## REQUIRED ACTION
In the entries below, find the line with "As you can see, I'm" and the line with "Hi everybody, this", then retype both and everything between them exactly. Do not copy the pictures.

## INPUT
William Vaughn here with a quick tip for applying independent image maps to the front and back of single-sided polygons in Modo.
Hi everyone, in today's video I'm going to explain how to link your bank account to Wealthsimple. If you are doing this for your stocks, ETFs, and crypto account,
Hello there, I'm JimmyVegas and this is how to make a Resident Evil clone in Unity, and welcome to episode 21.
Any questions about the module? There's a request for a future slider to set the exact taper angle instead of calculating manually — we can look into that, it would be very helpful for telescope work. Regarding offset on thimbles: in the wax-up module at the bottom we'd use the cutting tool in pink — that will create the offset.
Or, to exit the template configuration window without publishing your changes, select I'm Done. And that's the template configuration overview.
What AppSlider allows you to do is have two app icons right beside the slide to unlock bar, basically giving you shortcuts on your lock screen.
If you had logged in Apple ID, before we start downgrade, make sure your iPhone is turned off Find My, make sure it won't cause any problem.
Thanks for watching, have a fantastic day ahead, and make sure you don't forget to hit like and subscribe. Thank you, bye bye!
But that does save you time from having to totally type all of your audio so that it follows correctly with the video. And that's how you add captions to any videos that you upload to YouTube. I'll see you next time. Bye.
* * *
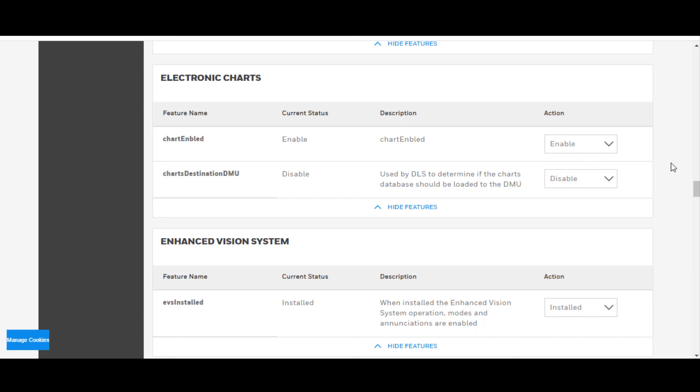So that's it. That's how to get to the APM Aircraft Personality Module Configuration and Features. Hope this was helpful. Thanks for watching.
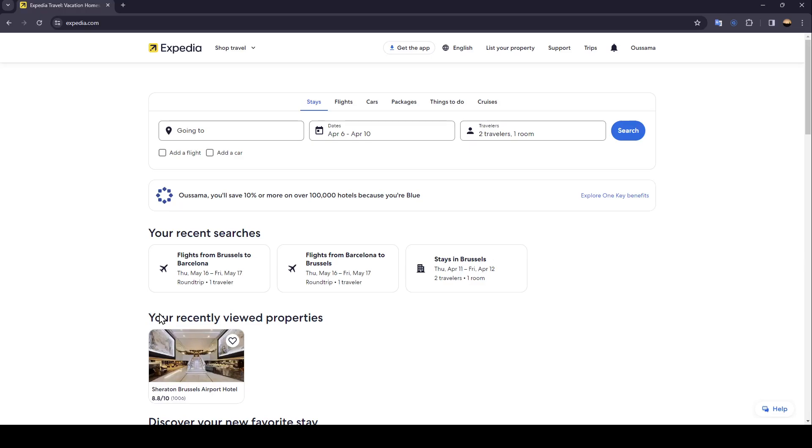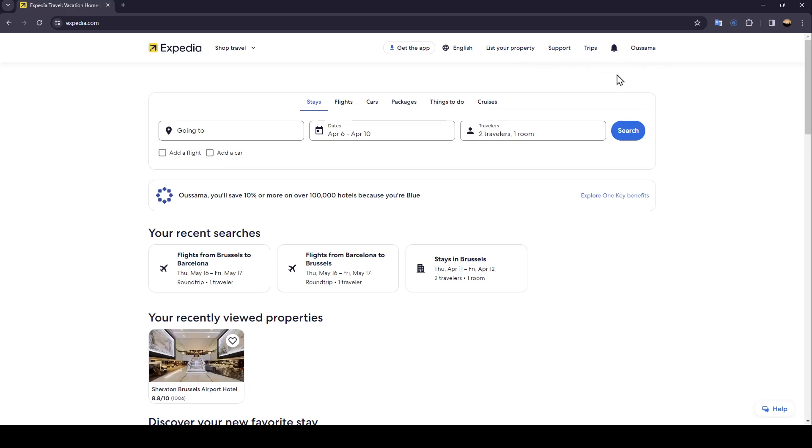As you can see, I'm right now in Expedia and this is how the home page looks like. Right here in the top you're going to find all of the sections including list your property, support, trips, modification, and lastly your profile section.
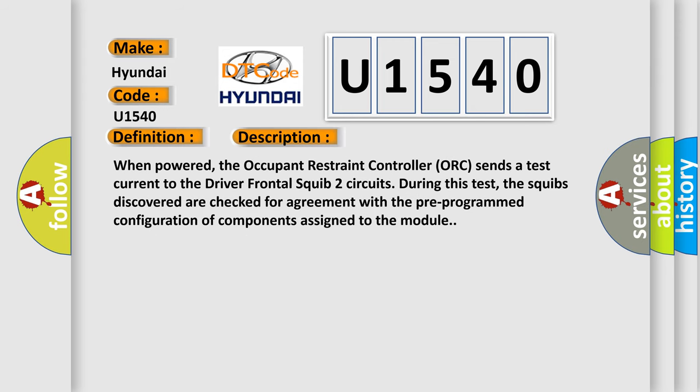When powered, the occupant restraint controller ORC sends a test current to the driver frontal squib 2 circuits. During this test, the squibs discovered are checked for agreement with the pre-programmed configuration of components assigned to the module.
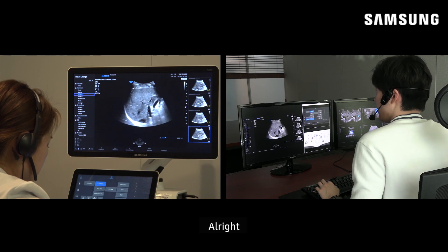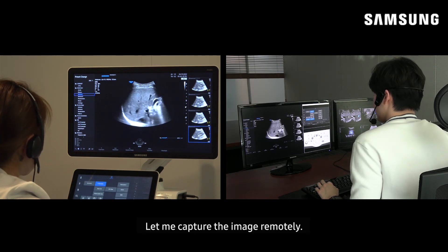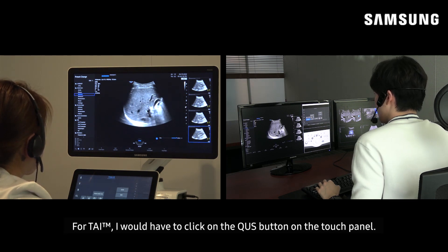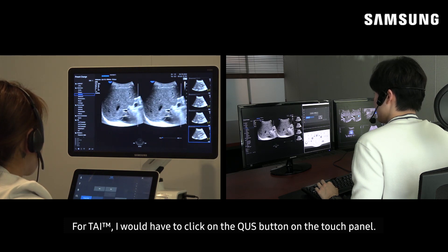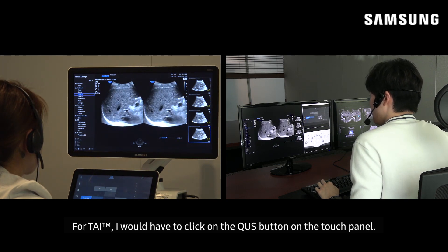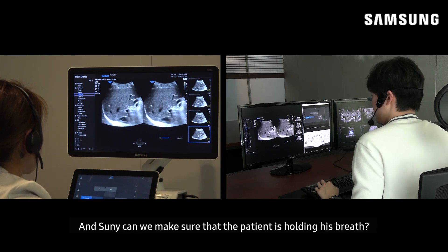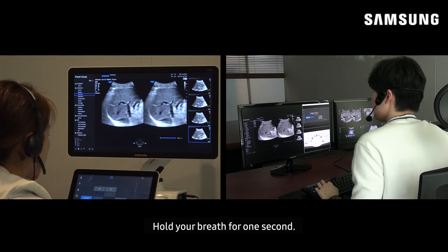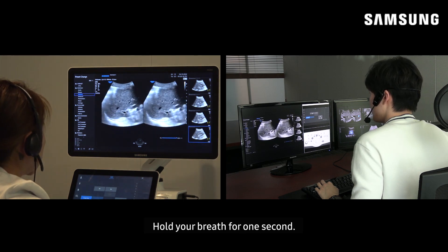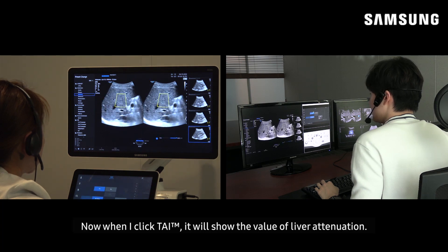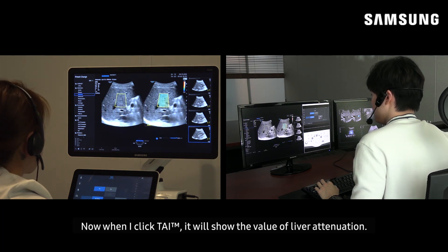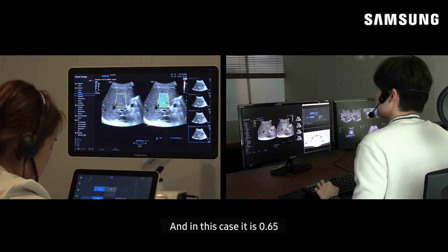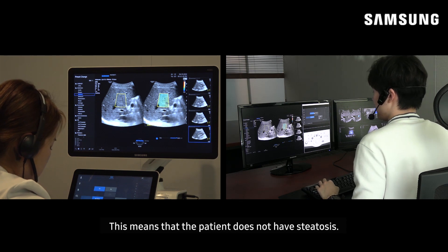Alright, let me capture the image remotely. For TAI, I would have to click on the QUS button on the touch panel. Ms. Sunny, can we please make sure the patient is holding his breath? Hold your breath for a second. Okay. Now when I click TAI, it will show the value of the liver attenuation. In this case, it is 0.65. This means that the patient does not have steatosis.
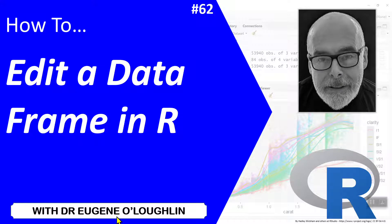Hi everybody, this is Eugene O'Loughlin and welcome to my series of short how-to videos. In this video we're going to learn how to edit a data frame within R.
---
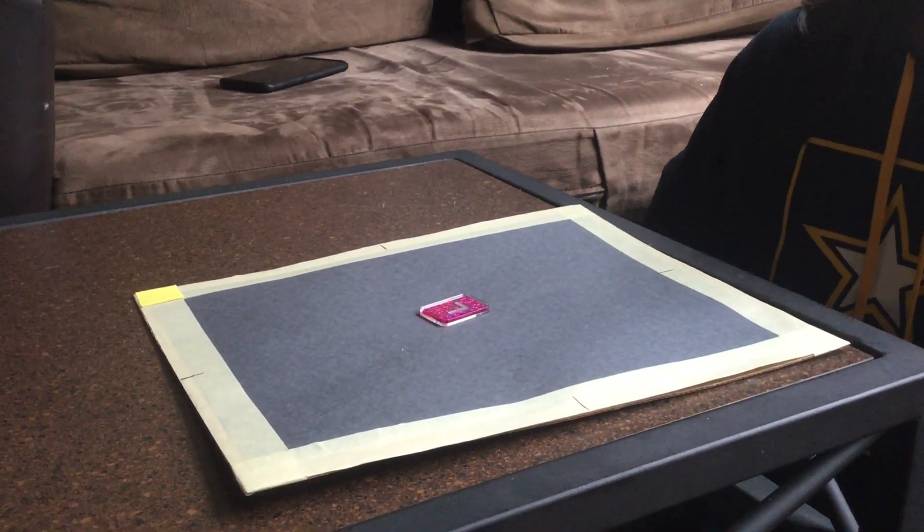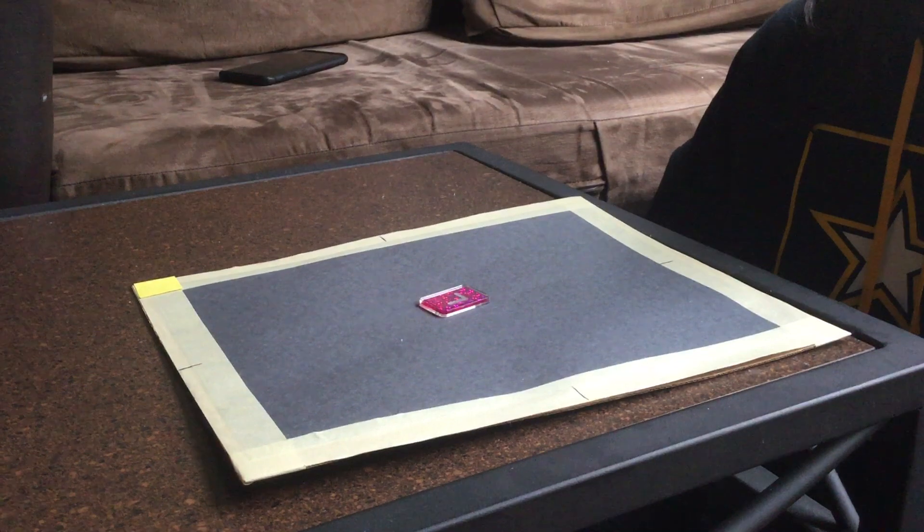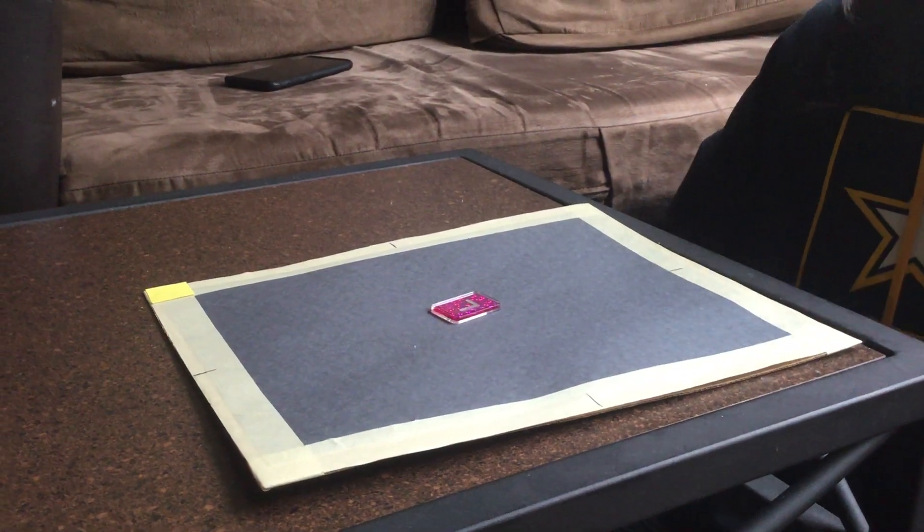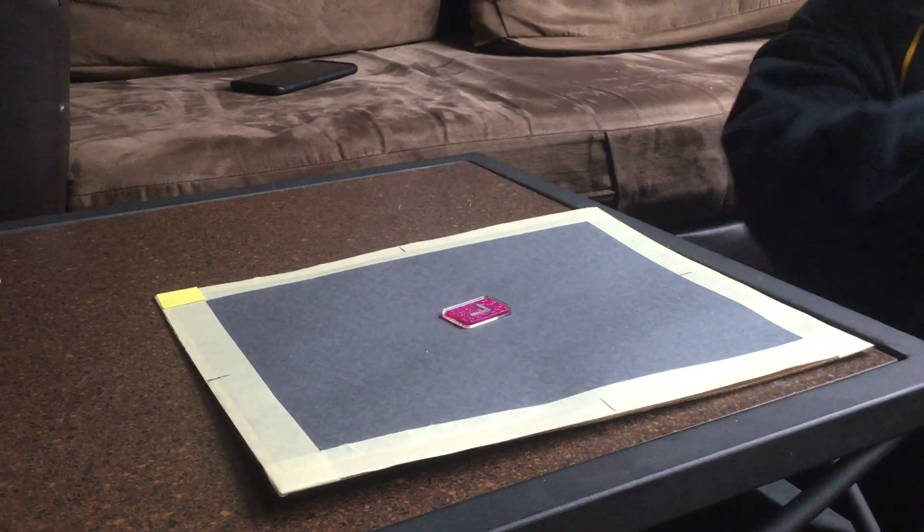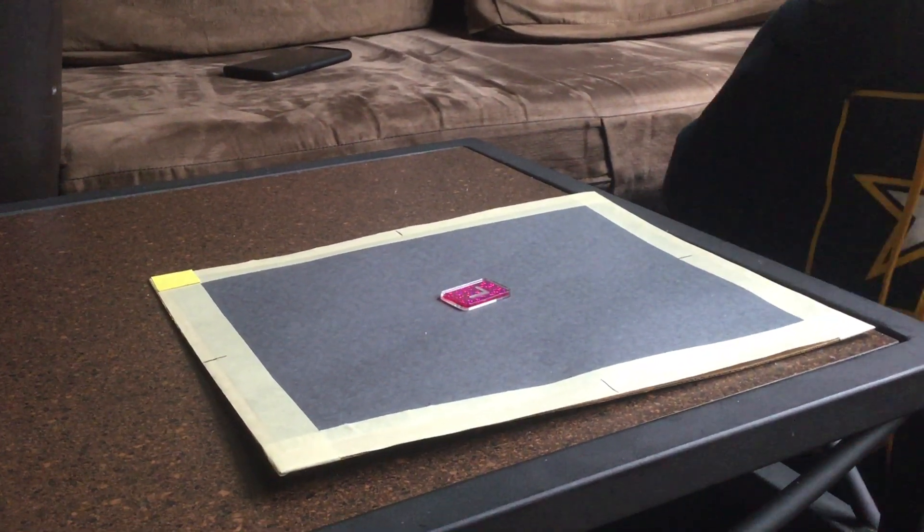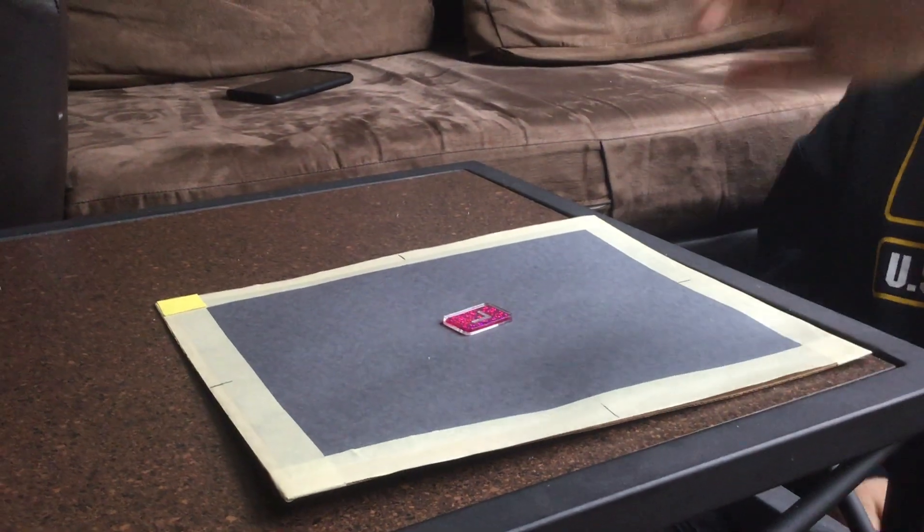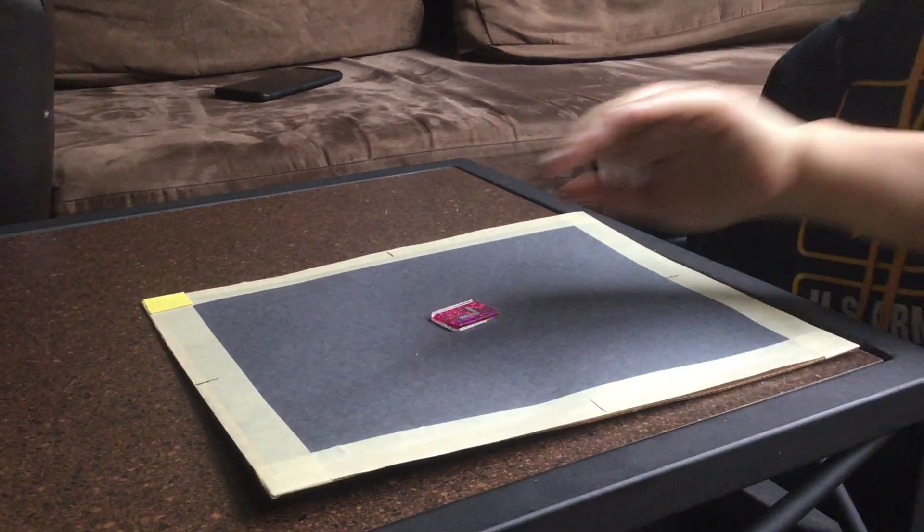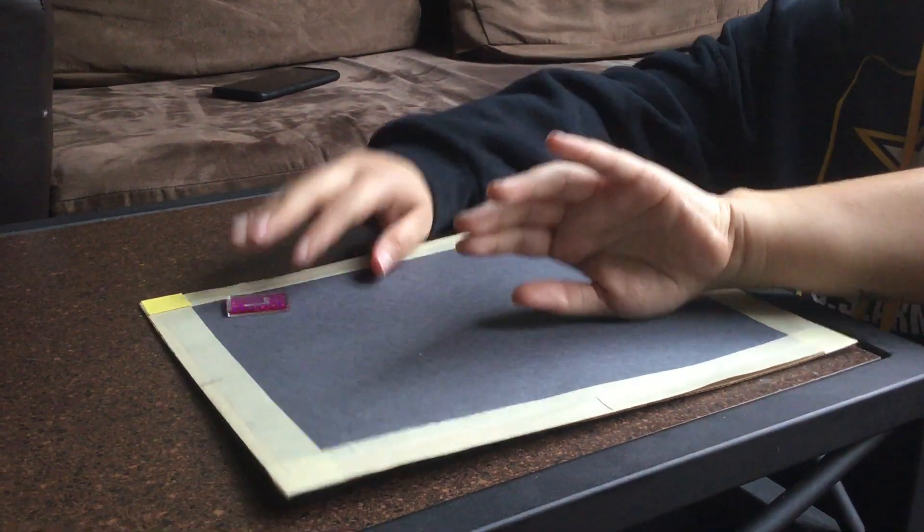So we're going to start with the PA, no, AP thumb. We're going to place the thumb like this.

## EXERCISE SOLUTION
As you can see, I'm right now in Expedia and this is how the home page looks like. Right here in the top you're going to find all of the sections including list your property, support, trips, modification, and lastly your profile section.
When powered, the occupant restraint controller ORC sends a test current to the driver frontal squib 2 circuits. During this test, the squibs discovered are checked for agreement with the pre-programmed configuration of components assigned to the module.
Alright, let me capture the image remotely. For TAI, I would have to click on the QUS button on the touch panel. Ms. Sunny, can we please make sure the patient is holding his breath? Hold your breath for a second. Okay. Now when I click TAI, it will show the value of the liver attenuation. In this case, it is 0.65. This means that the patient does not have steatosis.
Hi everybody, this is Eugene O'Loughlin and welcome to my series of short how-to videos. In this video we're going to learn how to edit a data frame within R.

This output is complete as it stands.